◆ **THE TASK**: Leave the pictures out and quote only the lines from the one with "Đôi khuyên tai" down to the end of the listing below.

*** DATA PROVIDED ***

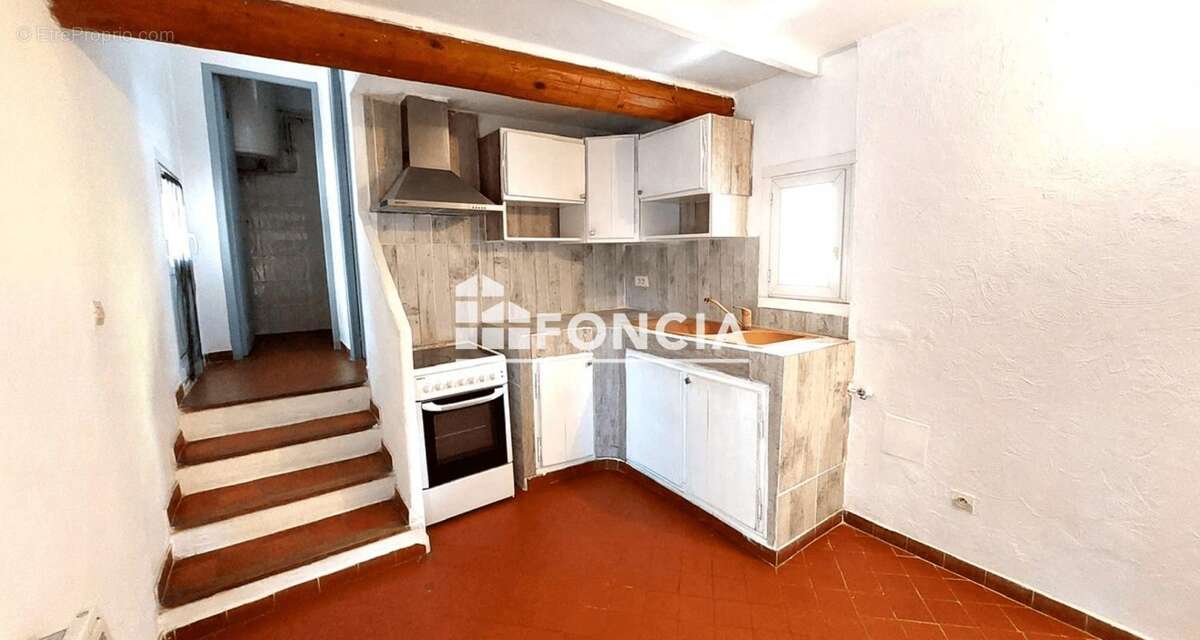 Appartement à PERNES-LES-FONTAINES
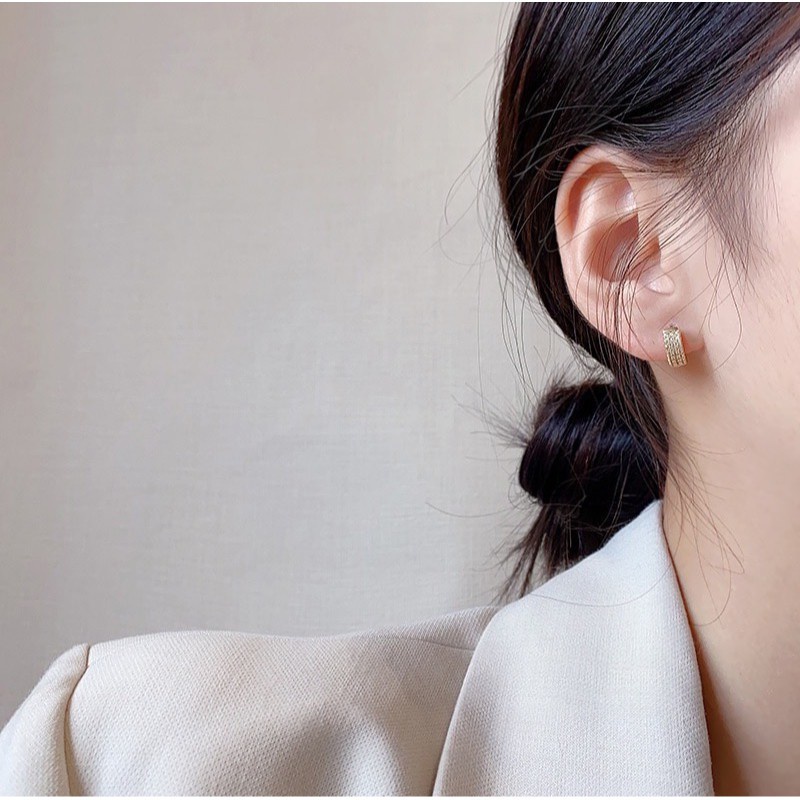 Đôi khuyên tai hình nhẫn đính đá zircon thời trang sang trọng cho nữ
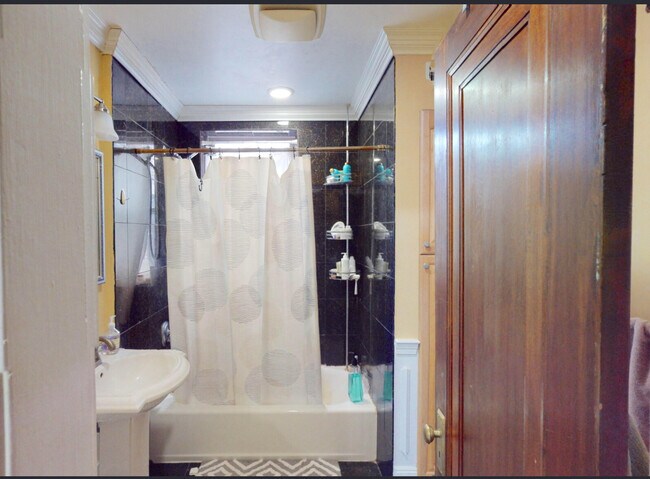 Foto del edificio - 10-12 Greenway Ct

*** End of DATA PROVIDED ***

◆ **TASK ANSWER**:
 Đôi khuyên tai hình nhẫn đính đá zircon thời trang sang trọng cho nữ
 Foto del edificio - 10-12 Greenway Ct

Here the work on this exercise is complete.